Artigos de Braulio Tavares em sua coluna diária no "Jornal da Paraíba" (Campina Grande-PB), desde o 0001 (23 de março de 2003) até o 4098 (10 de abril de 2016). Do 4099 em diante, os textos estão sendo publicados apenas neste blog, devido ao fim da publicação do jornal impresso.
domingo, 28 de fevereiro de 2010
1721) Machado: As Esperanças Decrescentes (17.9.2008)
(Machado, por Novaes)
Cada autor tem suas figuras de linguagem preferidas, às quais recorre, depois de certo tempo, quase inconscientemente. O estilo é um conjunto de cacoetes que criam um perfil reconhecível.
Machado de Assis injeta nos seus personagens alguns gestos mentais a que eles se entregam como um sujeito que tem um tique nervoso e esquece que o tem.
Nas Memórias Póstumas... (na página intitulada “Ao leitor”), Brás Cubas nos dá a medida da sua oscilação permanente entre um Desejo autocomplacente e uma anêmica Vontade. Diz ele:
“Que Stendhal confessasse haver escrito um de seus livros para cem leitores, coisa é que admira e consterna. O que não admira, nem provavelmente consternará é se este outro livro não tiver os cem leitores de Stendhal, nem cinqüenta, nem vinte, e quando muito, dez. Dez? Talvez cinco.”
Assim é Brás Cubas. Tem intenções ousadas, mas, depois de dissipada a adrenalina do arroubo inicial, elas vão se conformando, resignadas, às dimensões que lhes impõe a realidade.
Brás imagina-se grandioso, arrebatador, mas o fato de imaginar-se, curiosamente, basta-lhe. O grande gesto da intenção vai sendo diluído em miúdos pela vida real, porque o que mais lhe interessa é satisfazer sua fantasia íntima de rapaz mimado.
E há o episódio do almocreve (Cap. XXI). O jumento que ele monta espanta-se, ameaça disparar; Brás despenca da sela com o pé preso ao estribo, e ai dele se não fosse um almocreve que detém e subjuga o animal.

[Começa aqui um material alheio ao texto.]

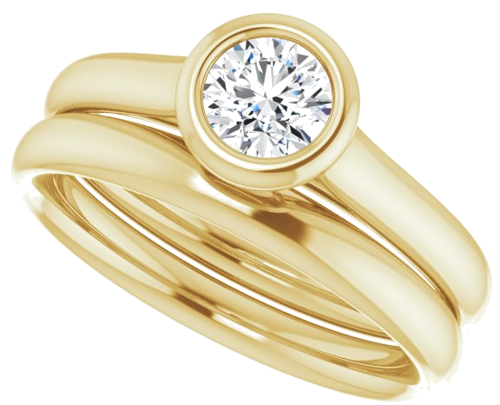 14K Yellow  4.8 mm Round Solitaire Engagement Ring Mounting (10)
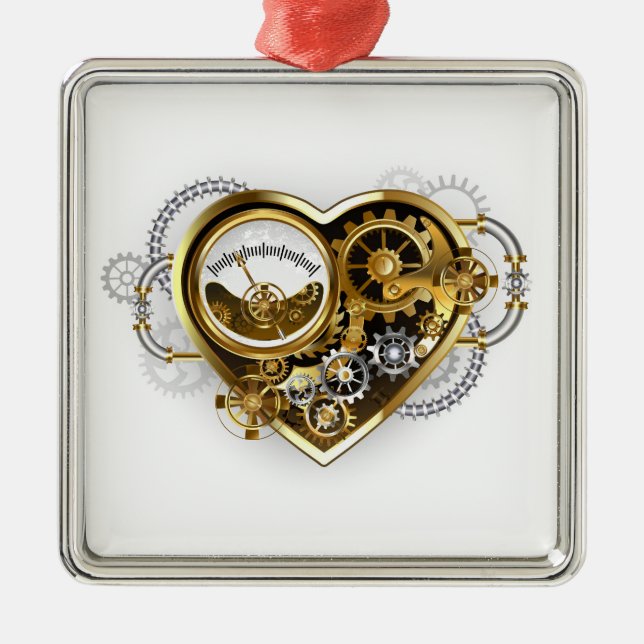 Steampunk Heart with a Manometer Metal Ornament (Front)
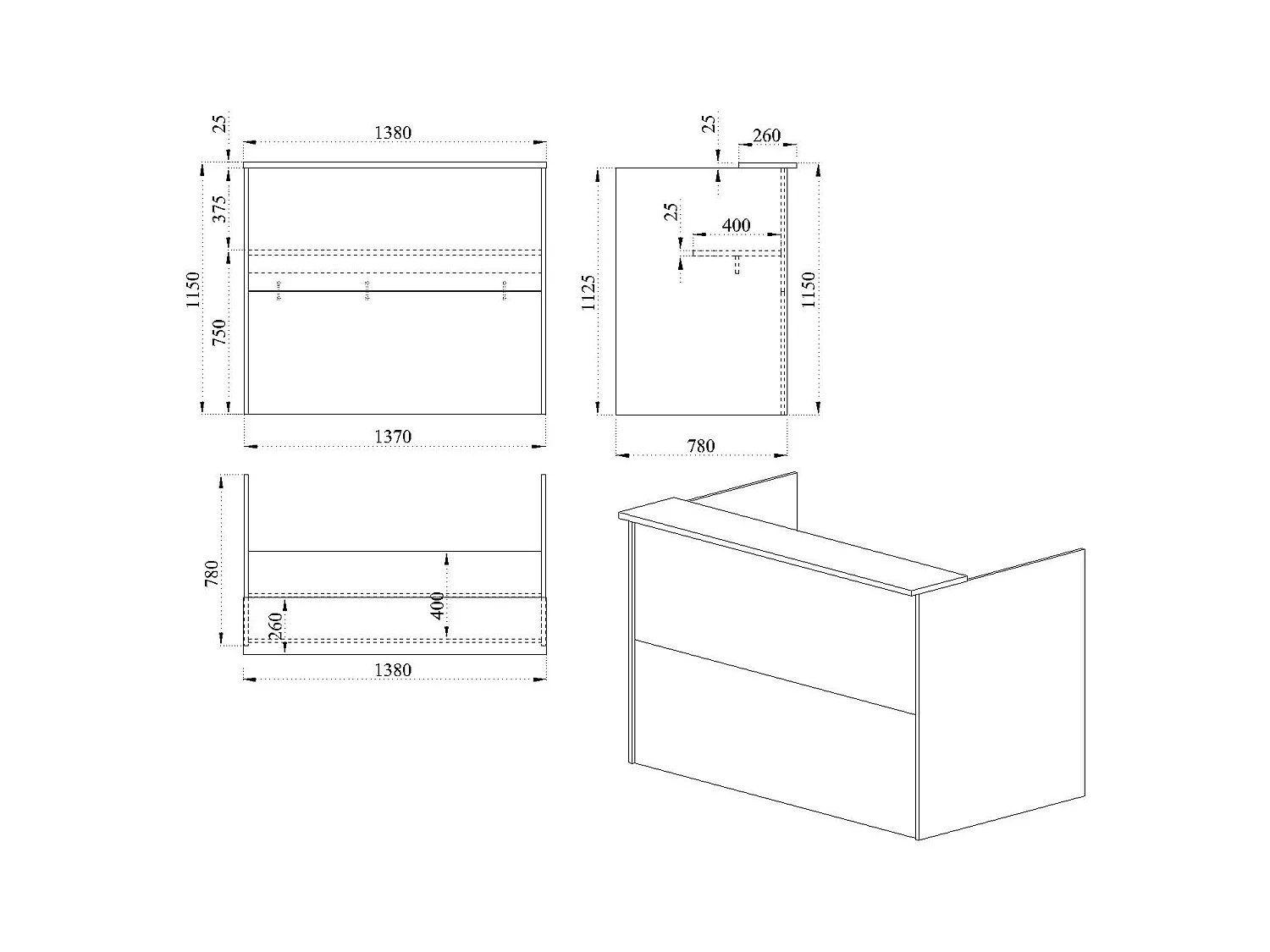 Scrivania con divisore da ufficio design moderno 138x115 rovere e grigio lucido SUI8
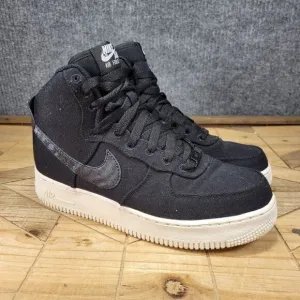 🔥 Nike Air Force 1 High Top Women’s SZ 8 Black White DZ3636-900 Sneakers Shoes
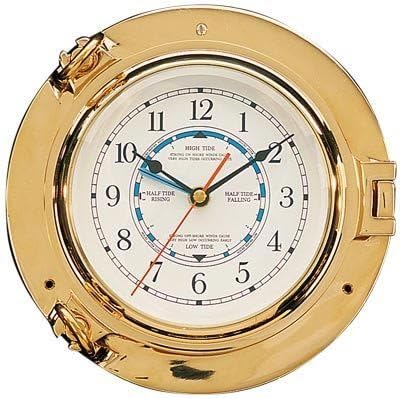 HS Reloj de marea y hora de ojo de buey de latón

Recuperado, Brás agradece ao salvador e delibera, intimamente, dar-lhe três das cinco moedas de ouro que trazia consigo. Logo pondera se não bastariam duas. Examina a roupa do benfeitor, constata que é um pobretão, e chega a tirar do bolso uma única moeda. O almocreve está de costas. Depois de uma derradeira hesitação, Brás mete-lhe na mão um cruzado de prata. Torna a agradecer, monta.

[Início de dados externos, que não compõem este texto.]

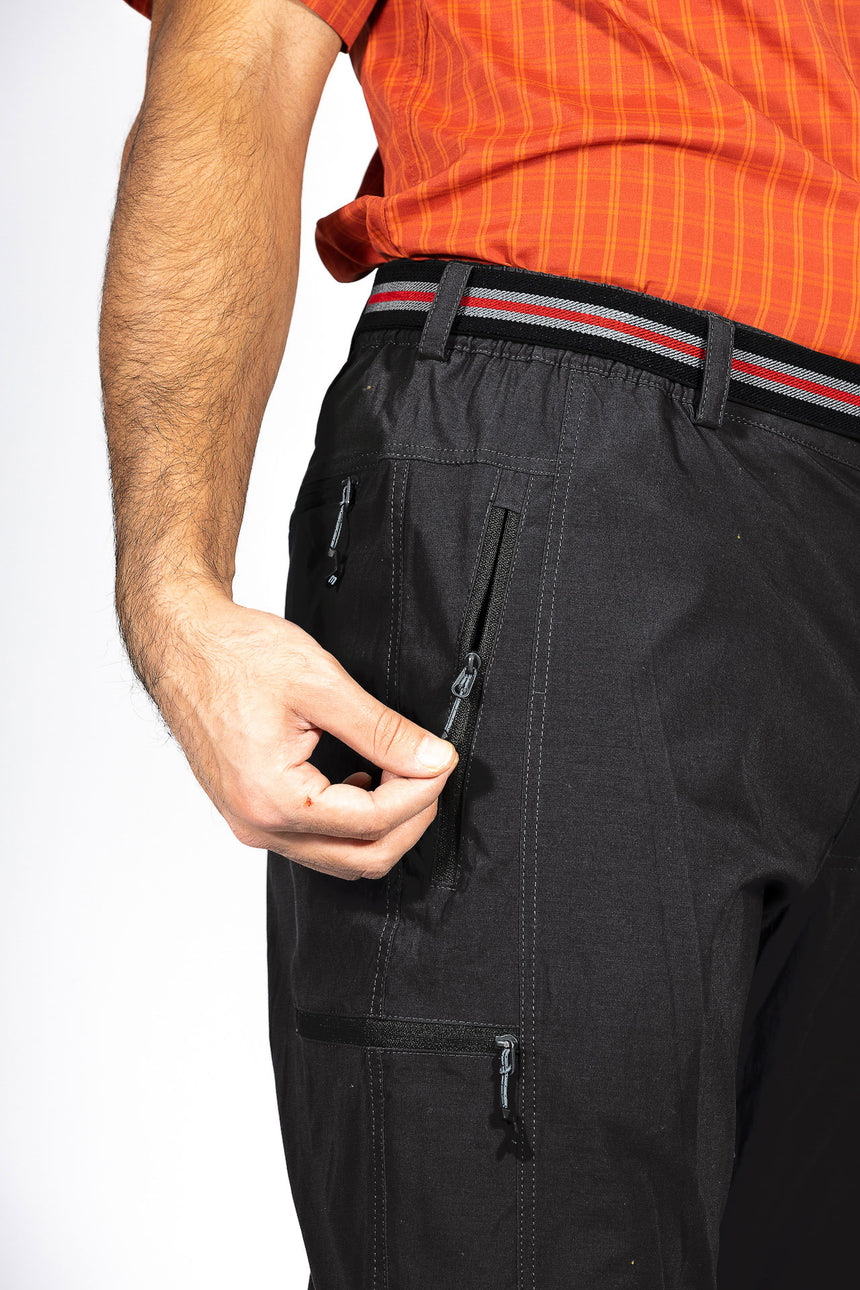 MauL Sport Herren Wanderhose elastisch T-Zipp-off Quebec (2024) black (Kurzgröße)
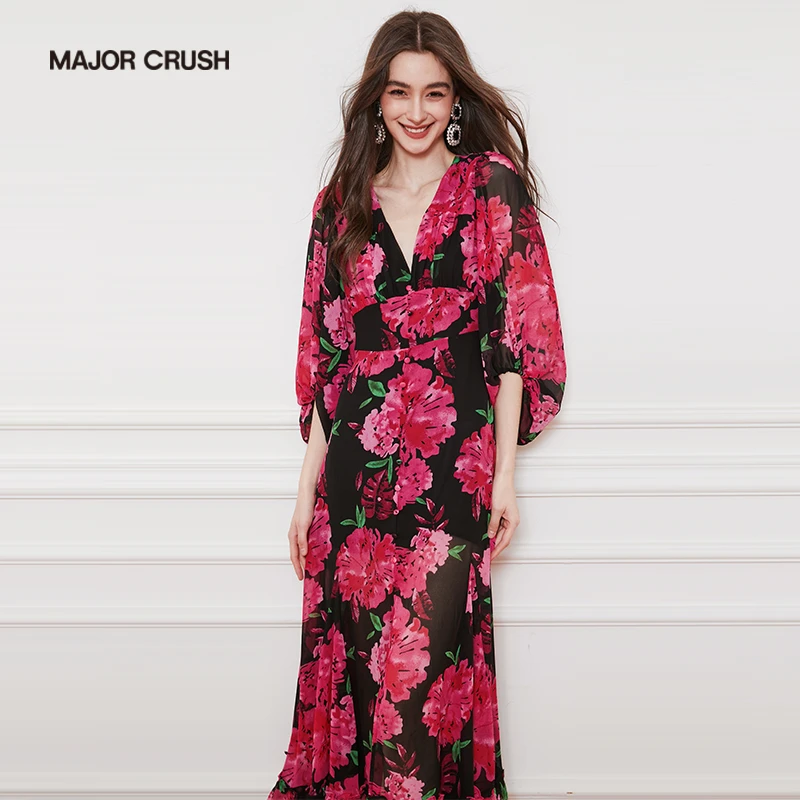 MAJOR CRUSH春季新款浪漫黑玫牡丹连衣裙气质优雅印花长裙5081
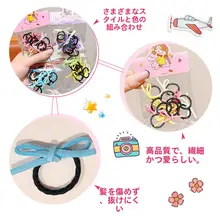 カラフルで可愛い女の子用ヘアゴム【高弾力・デザインリボン】（セットアップ対応）
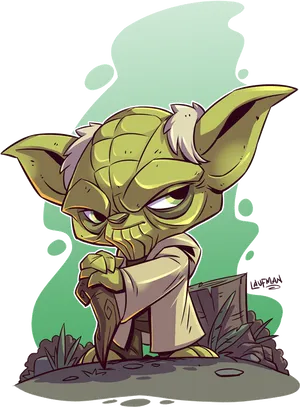 Chibi Yoda Cartoon Artwork PNG Image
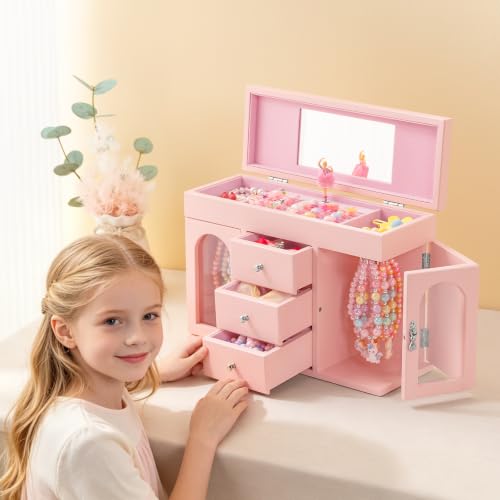 Musical Jewelry Box for Girls, Large Wooden Kids Jewelry Organizer with Spinning Ballerina & Mirror, 5-Layer Storage with Drawers & Side Doors, Pink Jewelry Box for Girls Birthday Christmas & gifts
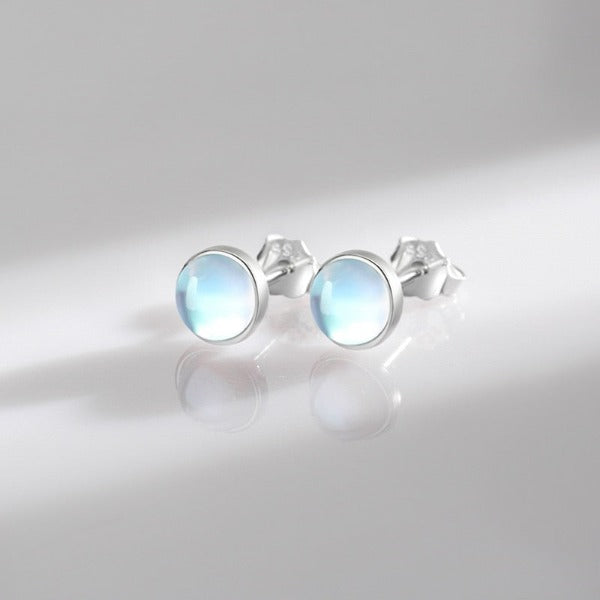 Aretes de Plata para Mujer con Piedra de Luna, tipo Clavo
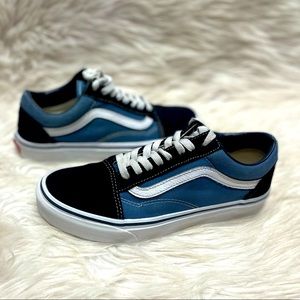 Vans Old Skool Classic Tie Up Black and Blue Sz 7 Men, Sz 8 Women’s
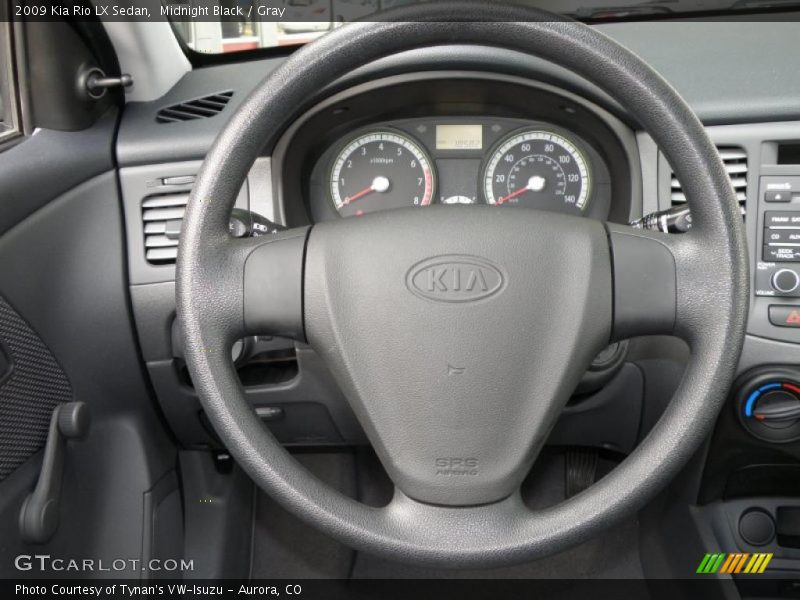 Midnight Black / Gray 2009 Kia Rio LX Sedan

Ao se afastar vê de longe o almocreve que gesticula, fazendo-lhe grandes cortesias, e pensa por fim que o outro foi apenas um instrumento da Providência, que estava lá por acaso, que não lhe coube mérito algum... E:
“Fiquei desconsolado com esta reflexão, chamei-me pródigo, lancei o cruzado à conta das minhas dissipações antigas; tive (por que não direi tudo?) tive remorsos”.
Depois do arroubo inicial, tudo decresce, tudo míngua, tudo se conforma à prudente mesquinhez do nosso herói.
E não há como não ver nisto um eco do “serrote” que protagoniza o conto “O Empréstimo” (Papéis Avulsos, 1882), um tal Custódio, que “nascera com a vocação da riqueza, sem a vocação do trabalho”. É um pedidor. Aquele da piada: “É colírio? Pinga aqui...”
Nas seis páginas perfeitas deste conto, Custódio assedia o tabelião Vaz Nunes por cinco contos de réis, que caem depois para quinhentos mil réis, e para duzentos, para cem, para vinte... No fim do conto, Custódio morde cinco mil réis de Vaz Nunes, e sai de rua afora, “pisando rijo, encarando fraternalmente os ingleses do comércio”.